Texas Family Code 153 contains the Texas Standard Possession Schedule. In my opinion the very most important sentence in it is the sentence near the beginning that reads THE PARENTS SHALL HAVE POSSESSION OF THE CHILD(REN) AT ALL TIMES MUTUALLY AGREED TO IN ADVANCE and failing Mutual agreement the following shall apply. In practice I always break that into two sentences. The first THE PARENTS SHALL HAVE POSSESSION OF THE CHILD(REN) AT ALL TIMES MUTUALLY AGREED TO IN ADVANCE.
In the absence of mutual agreement the following shall apply:
If the parents will just work together a bit and think of ensuring the child has the opportunity to spend as much time as possible with the other parent they can ignore the remainder of the possession schedule. Their children will be happier. They will be happier. I won’t have much work at all. But that is not too realistic, is it? If they could work together and put their children first they probably wouldn’t be getting divorced.
Which leads me to why about this time of year people lose their minds. This last weekend was a perfect example. This immediate past weekend began on the third Friday of November – November 18. Weekends begin on Friday. One could reasonably conclude that it being the third weekend of the month, the possessory conservator/visiting parent would have possession of the children. After all the Texas Standard Possession Schedule states at section 153.(a)(1) “on weekends throughout the year beginning at 6:00 p.m. on the first, third, and fifth Friday of each month and ending at 6:00 p.m. on the following Sunday; and…..” BUT a little later at section 153.312 and 153.314 “Holiday possession unaffected by distance parents reside apart: (3) the possessory conservator shall have possession of the child in ODD-NUMBERED years beginning at 6:00 p.m. on the day the child is dismissed from school before Thanksgiving and ending at 6:00 p.m. on the following Sunday and the managing conservator shall have possession for the same period in EVEN-NUMBERED years (emphasis mine). The holiday schedule trumps regular weekend visitation schedule. This means if the school district where the child resides (as my school district did) dismisses the children for Thanksgiving break on Friday preceding Thanksgiving despite it being a third weekend, the primary conservator would have possession of the child.

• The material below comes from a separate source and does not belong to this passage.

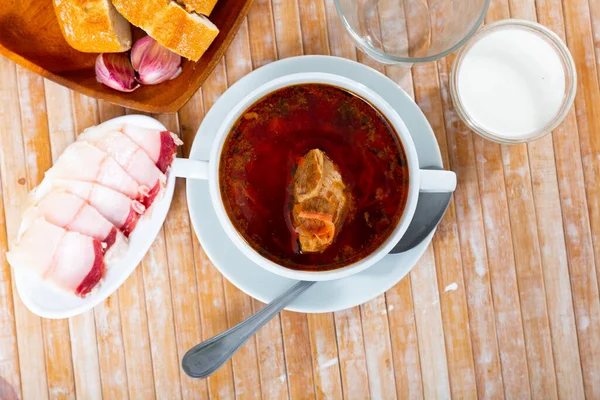 National Slavic Dish Called Borscht Cooked Rich Broth Beets Cabbage — Stock Photo, Image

Take the time to read any possession schedules all the way through. Talk with the other parent. They’re not the enemy. They are your child’s mother/father and your child loves them very much. At least they should and you need to do everything in your power to ensure they do. Then the two of you need to discuss what plans you have and how each of you can best accommodate your child’s needs and desires to spend as much time with the other parent as possible. THE PARENTS SHALL HAVE POSSESSION OF THE CHILD(REN) AT ALL TIMES MUTUALLY AGREED TO IN ADVANCE. Cling to the first sentence of a possession order. Live by it. Your children will be happier. You will be happier.